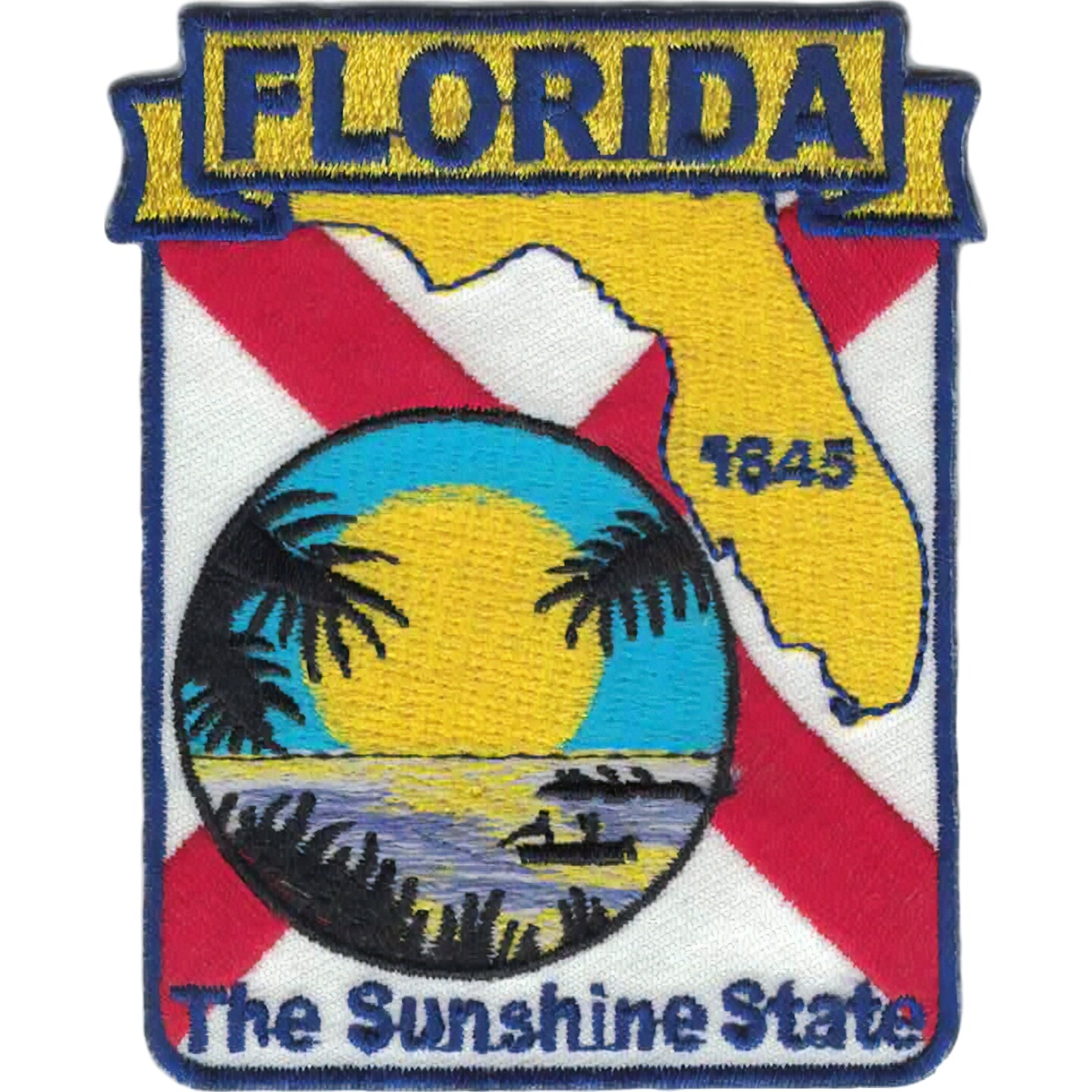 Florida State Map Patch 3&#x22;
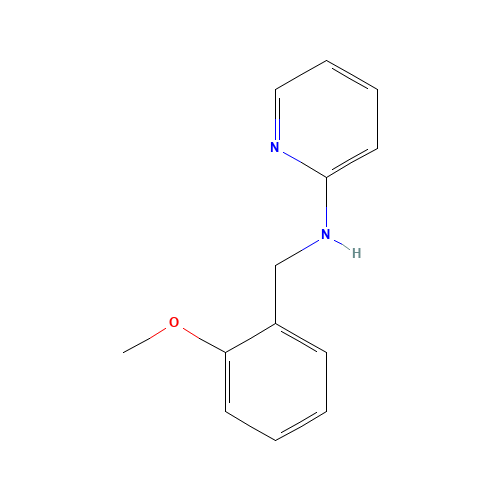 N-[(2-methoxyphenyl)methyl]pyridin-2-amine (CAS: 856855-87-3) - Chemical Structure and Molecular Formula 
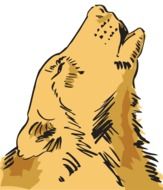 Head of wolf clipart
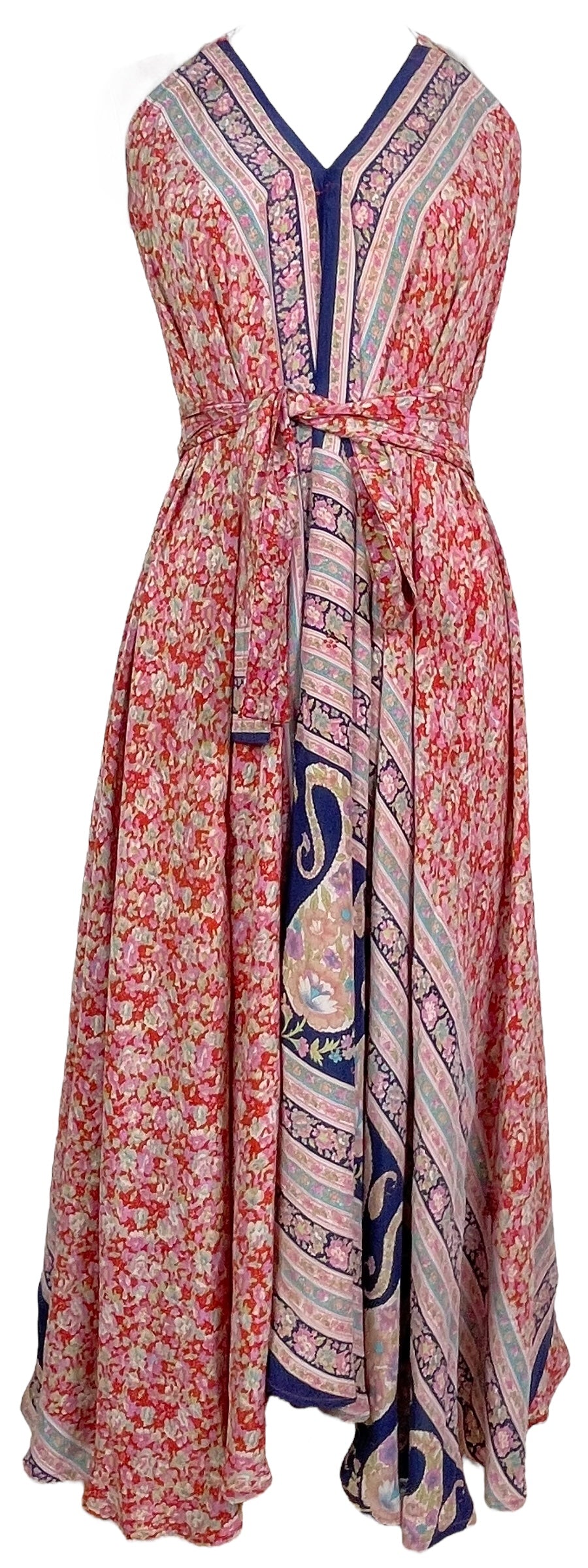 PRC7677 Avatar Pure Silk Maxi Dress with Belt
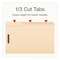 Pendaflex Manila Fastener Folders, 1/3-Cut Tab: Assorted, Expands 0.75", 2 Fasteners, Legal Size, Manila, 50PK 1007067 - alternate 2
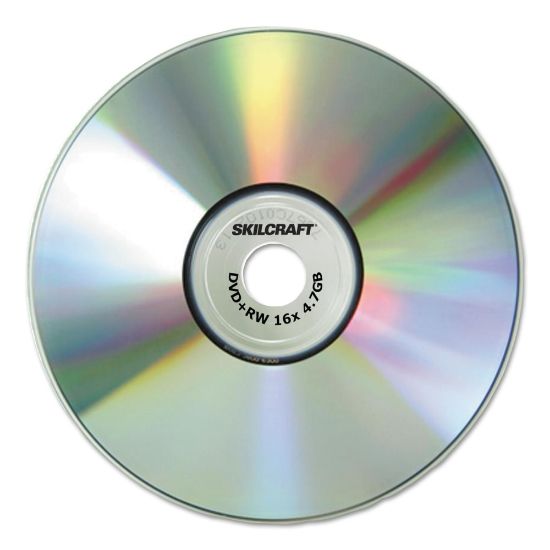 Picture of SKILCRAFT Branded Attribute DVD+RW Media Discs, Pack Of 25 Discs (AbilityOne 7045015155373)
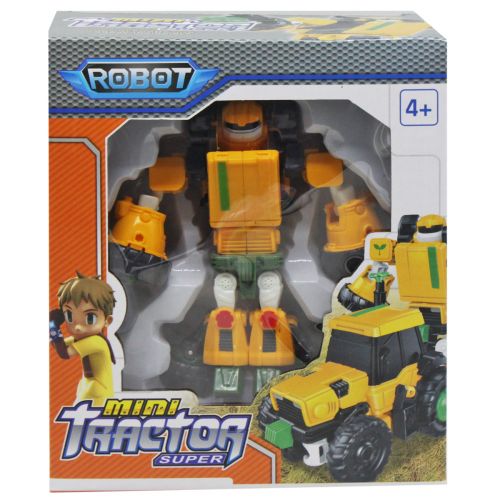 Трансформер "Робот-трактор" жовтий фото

> WHAT YOU NEED TO DO:
Write the full listing out again with every line unchanged, but include no pictures.

> SOLUTION FOR THIS EXERCISE:
 Florida State Map Patch 3&#x22;
 N-[(2-methoxyphenyl)methyl]pyridin-2-amine (CAS: 856855-87-3) - Chemical Structure and Molecular Formula 
 Head of wolf clipart
 PRC7677 Avatar Pure Silk Maxi Dress with Belt
 Pendaflex Manila Fastener Folders, 1/3-Cut Tab: Assorted, Expands 0.75", 2 Fasteners, Legal Size, Manila, 50PK 1007067 - alternate 2
 Picture of SKILCRAFT Branded Attribute DVD+RW Media Discs, Pack Of 25 Discs (AbilityOne 7045015155373)
 Трансформер "Робот-трактор" жовтий фото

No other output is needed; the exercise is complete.